The first film is Gondry’s. It is about a young couple who move to Tokyo so that he can pursue his dream of becoming a filmmaker. They do not have a lot of money, and cannot find a decent apartment, so they are stuck in the tiny apartment of a friend, who grows more and more frustrated with them, particularly Hiroko, who unlike her boyfriend, seems to have no ambition at all. She cannot even get a lousy part time job as a gift wrapper. She starts to feel useless, until one day something strange happens to her, and she starts to feel useful again. What that is, I cannot say, but let me say that fans of Gondry’s weirdness will not be disappointed. Gondry, who I think has struggled a little since he had to start writing his own screenplays, has not made a film this good since Eternal Sunshine of the Spotless Mind.
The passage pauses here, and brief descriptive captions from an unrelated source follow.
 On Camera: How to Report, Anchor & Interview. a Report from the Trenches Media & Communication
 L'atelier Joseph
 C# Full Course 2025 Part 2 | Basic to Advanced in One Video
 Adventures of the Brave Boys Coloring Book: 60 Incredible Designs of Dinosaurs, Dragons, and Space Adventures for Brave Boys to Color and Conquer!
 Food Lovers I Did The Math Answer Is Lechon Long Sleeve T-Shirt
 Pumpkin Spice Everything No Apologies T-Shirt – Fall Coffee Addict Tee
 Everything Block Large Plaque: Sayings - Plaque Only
The film has a great visual look, and as always the visual effects in his films are low budget, but great.
Leos Carax’s film, Merde, is the strangest and most ambitious, but the least successful. A strange man emerges from the sewers of Tokyo and torments the citizens. At first it’s little more than stealing cigarettes, and doing other harmless things. But when he comes across some hand grenades, things get more violent. Put on trial, they discover that he speaks some kind of archaic language that no one else understands. A French lawyer, who says he understands him, comes to defend him. The movie starts out interesting, and contains a wonderful tracking shot at the beginning, but as the movie progresses, it becomes tedious. Merde, the crazy sewer man, speaks his own strange language, that the French lawyer then has to translate into French, then has it translated in Japanese. Everything that is said takes forever to get out for us to understand. While it is an interesting idea, especially when Merde starts going off on his racist rants, it doesn’t quite together.
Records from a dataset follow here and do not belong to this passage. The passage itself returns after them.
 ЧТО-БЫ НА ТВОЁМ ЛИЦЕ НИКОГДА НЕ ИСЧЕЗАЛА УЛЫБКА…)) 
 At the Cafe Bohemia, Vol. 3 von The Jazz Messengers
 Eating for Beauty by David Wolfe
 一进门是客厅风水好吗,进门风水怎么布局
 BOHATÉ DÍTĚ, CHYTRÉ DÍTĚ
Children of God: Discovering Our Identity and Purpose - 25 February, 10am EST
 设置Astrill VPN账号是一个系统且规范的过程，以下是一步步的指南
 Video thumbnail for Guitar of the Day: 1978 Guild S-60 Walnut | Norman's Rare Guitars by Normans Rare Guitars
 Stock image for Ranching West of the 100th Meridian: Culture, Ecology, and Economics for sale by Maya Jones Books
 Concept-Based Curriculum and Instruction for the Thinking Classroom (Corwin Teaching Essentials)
Joon-ho Bong does something quite interesting in his film. While Gondry and Carax use the vast expanse of Tokyo to full advantage, Bong’s film is about a hikikomori, essentially a shut in. He has no contact with the outside world, except for the food delivery men who come by. One day, a beautiful girl delivers his pizza, and they two connect. She has some of the same obsessions as he does, but when an earthquake hits, she gets scared, and decides to stay in her apartment, forcing him to go out in the world for the first time in years. While this film certainly cannot compete with Bong’s great films - Memories of Murder and The Host - it is an interesting film.
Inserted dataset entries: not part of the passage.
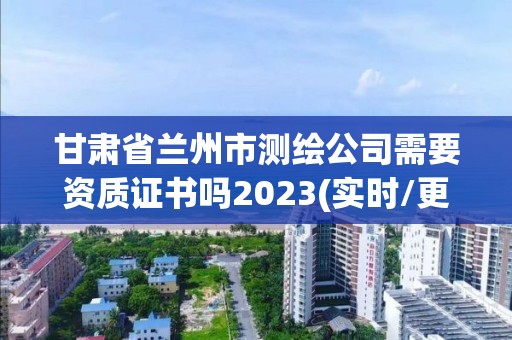 甘肅省蘭州市測(cè)繪公司需要資質(zhì)證書嗎2023(實(shí)時(shí)/更新中)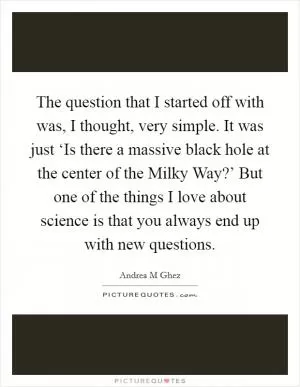 The question that I started off with was, I thought, very simple. It was just ‘Is there a massive black hole at the center of the Milky Way?’ But one of the things I love about science is that you always end up with new questions Picture Quote #1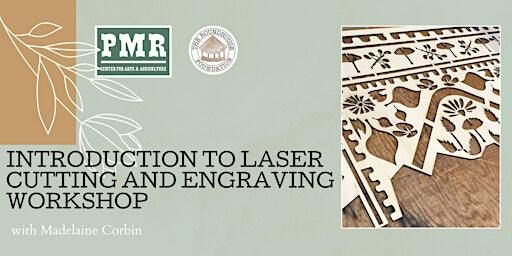Introduction to Laser Cutting & Engraving Workshop | Pine Meadow Ranch Center for Arts & Agriculture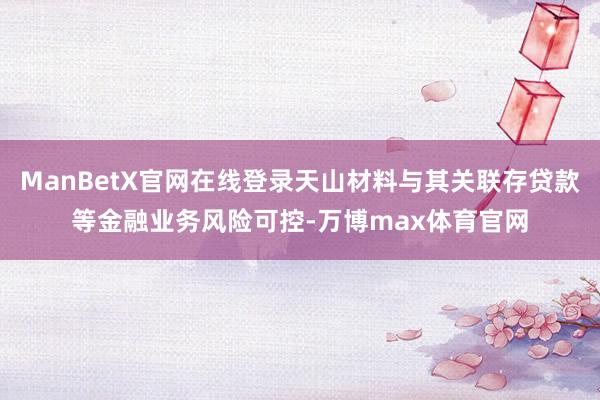 ManBetX官网在线登录天山材料与其关联存贷款等金融业务风险可控-万博max体育官网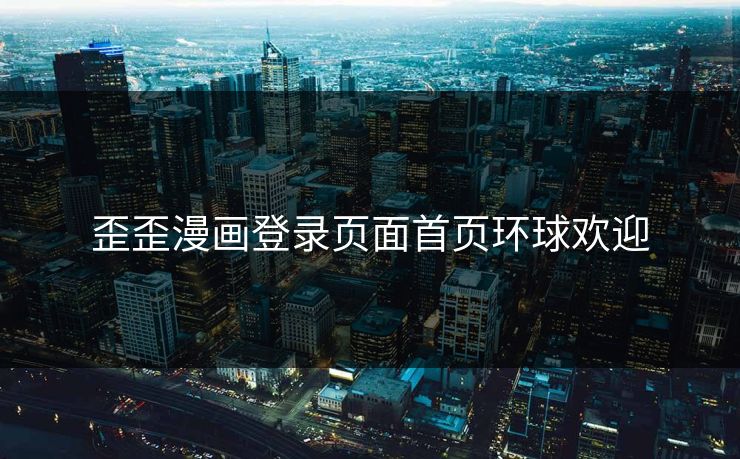 歪歪漫画登录页面首页环球欢迎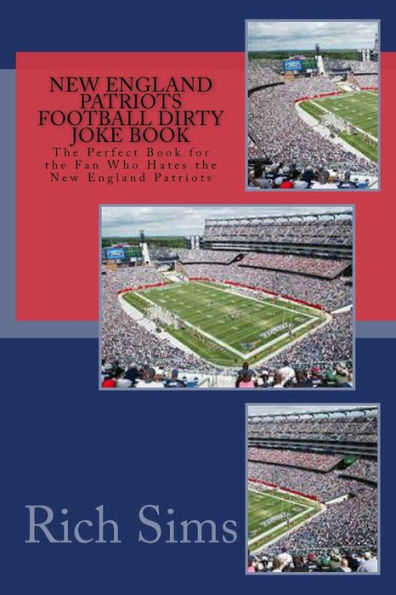 New England Patriots Football Dirty Joke Book: The Perfect Book for the Fan Who Hates the New England Patriots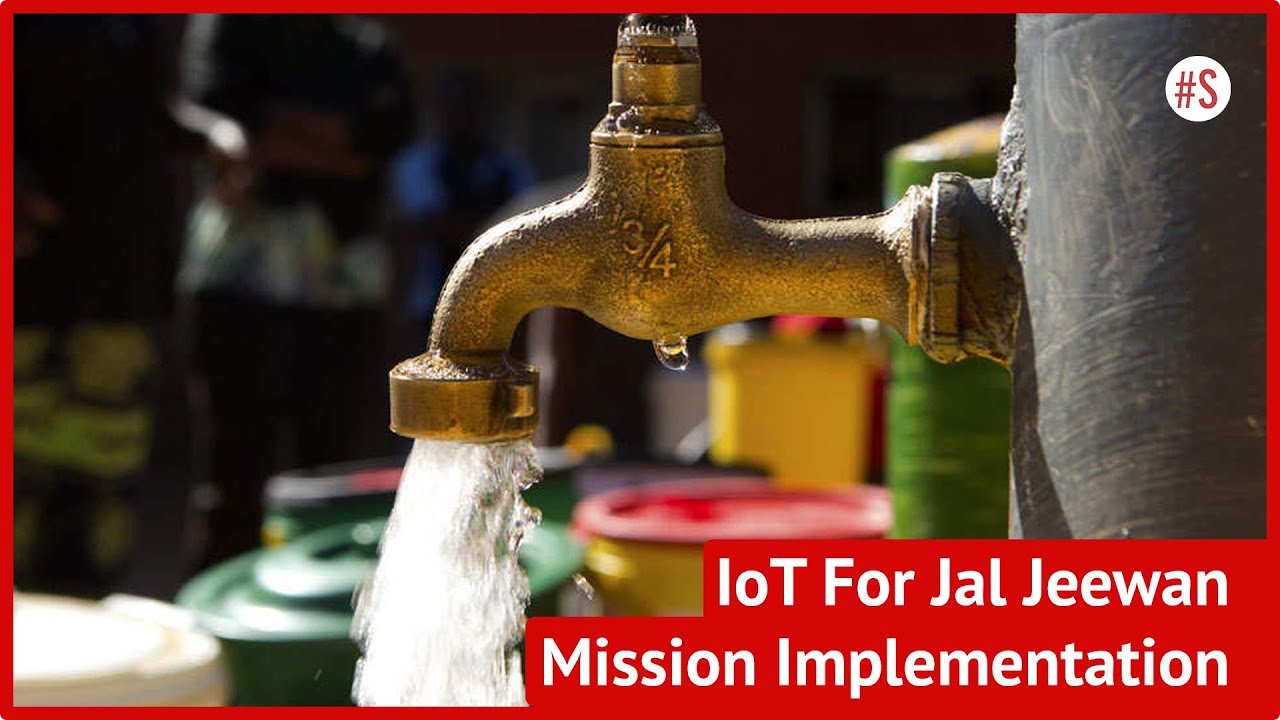 Ministry Of Jal Shakti Deploys IoT Devices To Monitor Implementation Of Jal Jeevan Mission | PM Modi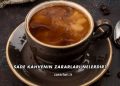 Sade Kahvenin Zararları Nelerdir?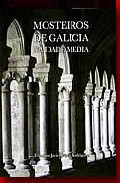 Mosteiros de Galicia na Idade Media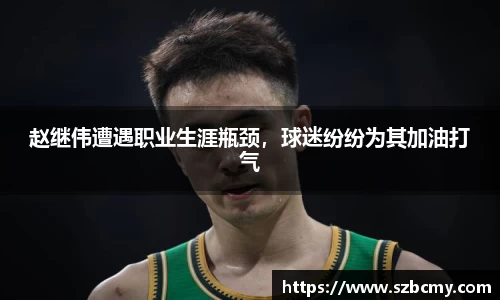 赵继伟遭遇职业生涯瓶颈，球迷纷纷为其加油打气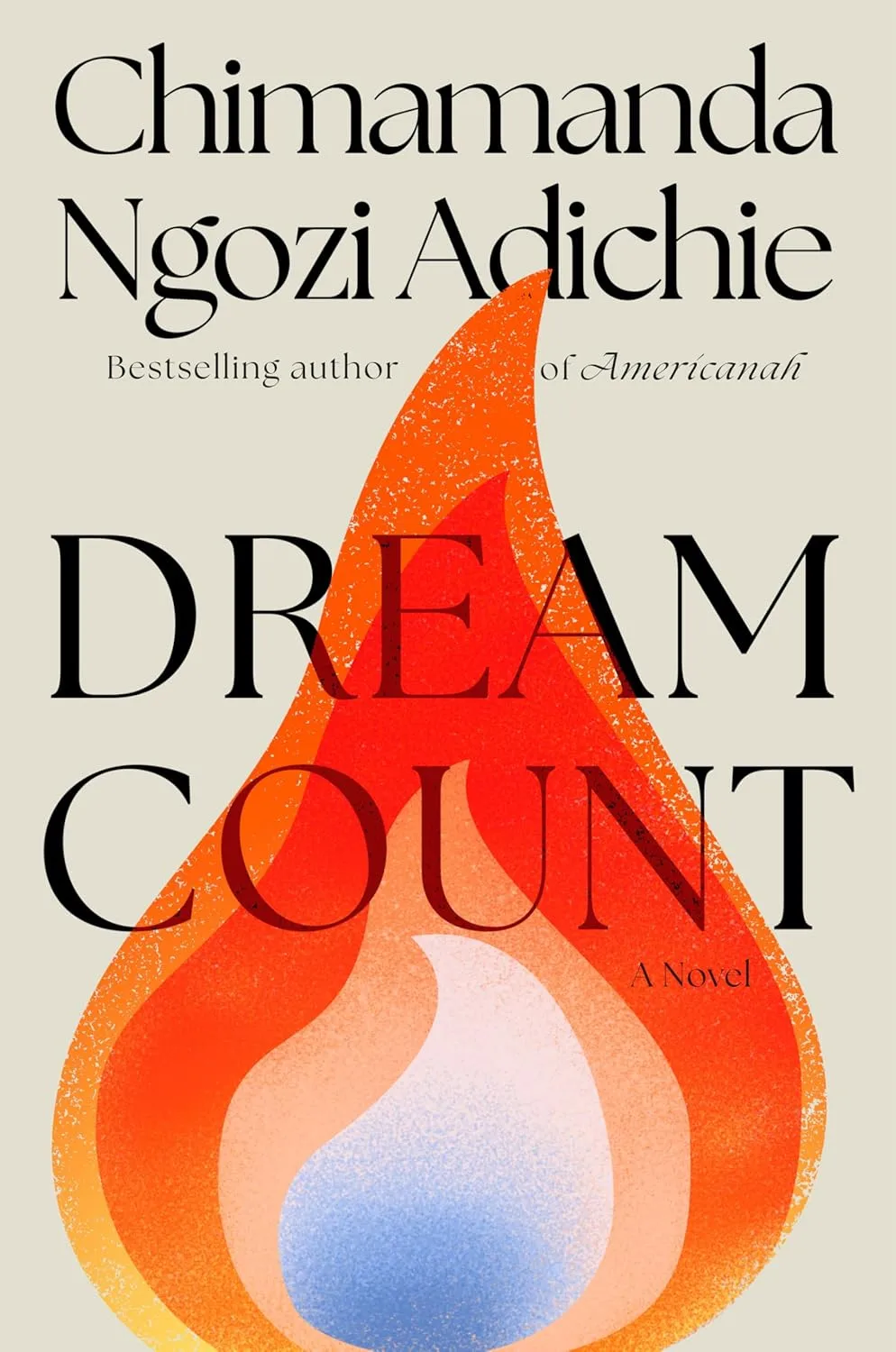 Dream Count by Chimamanda Ngozi Adichie Dream Count by Chimamanda Ngozi Adichie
And that kind of sums up Tokyo as a complete movie as well. Like New York Stories or any number of other projects that have done something similar, the results are a little disappointing, as we know the directors are capable of better work, and the constraints of the project show at points. But all three of these films - even Carax’s which I didn’t much care for - are more interesting than most films I see. This may not be a great film, but it is an entertaining one.